A New Year seems to herald the feeling that things must change, that I must change, start afresh, that there must be a new beginning, and that it must all happen now, this minute, overnight even! I feel I am being herded into something that is too fast for me, too much, too quick, just wait, let me catch my breath let me think about it. How do I feel? What do the months ahead mean to me? Are there things I would like to be different? Is there a promise in these coming months, and if so am I in a good place to make the most of this?
I had an early spring clean New Years Eve, cleared some of the Christmas things away and prepared for New Year with a sense of satisfaction that I really had dusted away the cobwebs. I felt I was facing the right way, I wasn’t looking back, I was facing forward if not exactly looking forward.

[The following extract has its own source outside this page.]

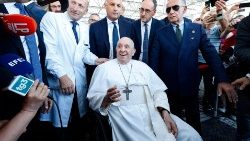 Papst Franziskus nach seiner Entlassung aus der Gemelli-Klinik am 16.6.2023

All of this was prompted not by some early New Year resolutions but rather by the smoke that still clung to our furnishings and hung heavy in the air.
The previous evening the living-room smoke alarm had warned us that the smoke billowing into the air was not normal for the small log-burner we are still getting used to, but that something was wrong, very wrong. We eventually found that a log we had stored close to the log-burner had got so warm it was actually alight and spreading its new found glow to the rest of the log pile. We were on fire. We flung windows and doors open and fanned the smoke away from the sensors. We felt very grateful to those sensors however, and the noise of the smoke alarm that drove us into action. So apart from changing the way we store our logs, I feel quite sluggish toward the idea of change, as opposed to the urgency that the start of a new year brings out in the diet and fitness adverts.
The start of a new year then, what does it say to me? Does it mark the time for a new me or a new beginning? Not instantly, no. To me January is a slow, laborious month, my energy feels at its lowest, I feel lack lustre, disconnected, cold and tired. Yet through these feelings January also speaks to me of patience, of assessment, of taking stock and slowly coming to terms with how I am feeling while thinking about where I might want to head in the months to come. Then, with January gone, something shifts and I feel there is a chance for the energy to return, a chance for movement after the waiting and planning. A new me, a new beginning? I don’t know yet, I’m still thinking about it!